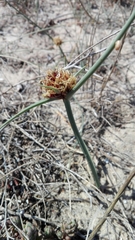 Cyperus capitatus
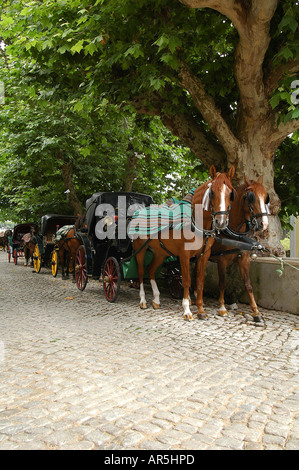 Voitures calèche à Sintra une ville de villégiature au pied des montagnes de Sintra au Portugal, près de Lisbonne Portugal Banque D'Images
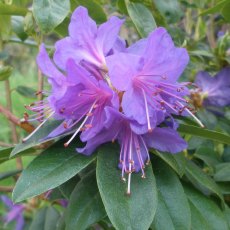 Rhododendron Ilam Violet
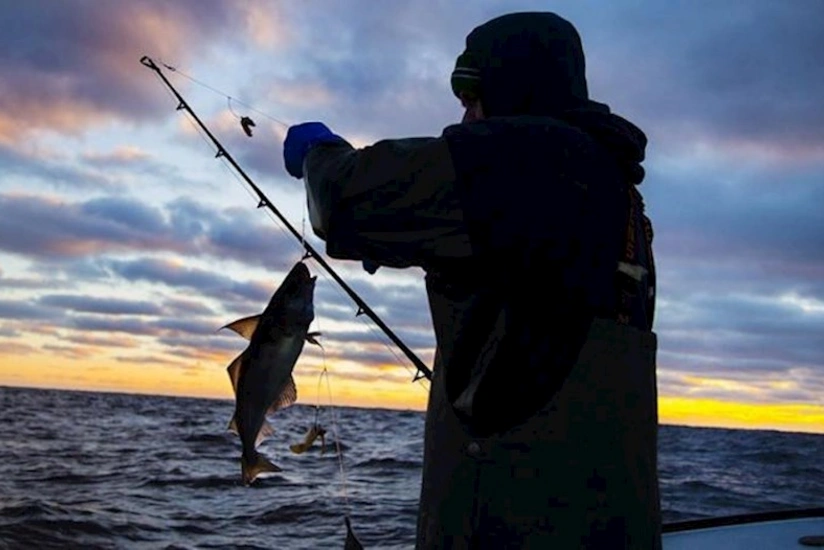 Nazirlik balıq ovu ilə bağlı əhaliyə çağırış edib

==========

**WORK TASK**:
Take the line with "Rhododendron Ilam Violet" and each line after it through the end of the material above, and reproduce them exactly, without the pictures.

**EXERCISE OUTPUT**:
 Rhododendron Ilam Violet
 Nazirlik balıq ovu ilə bağlı əhaliyə çağırış edib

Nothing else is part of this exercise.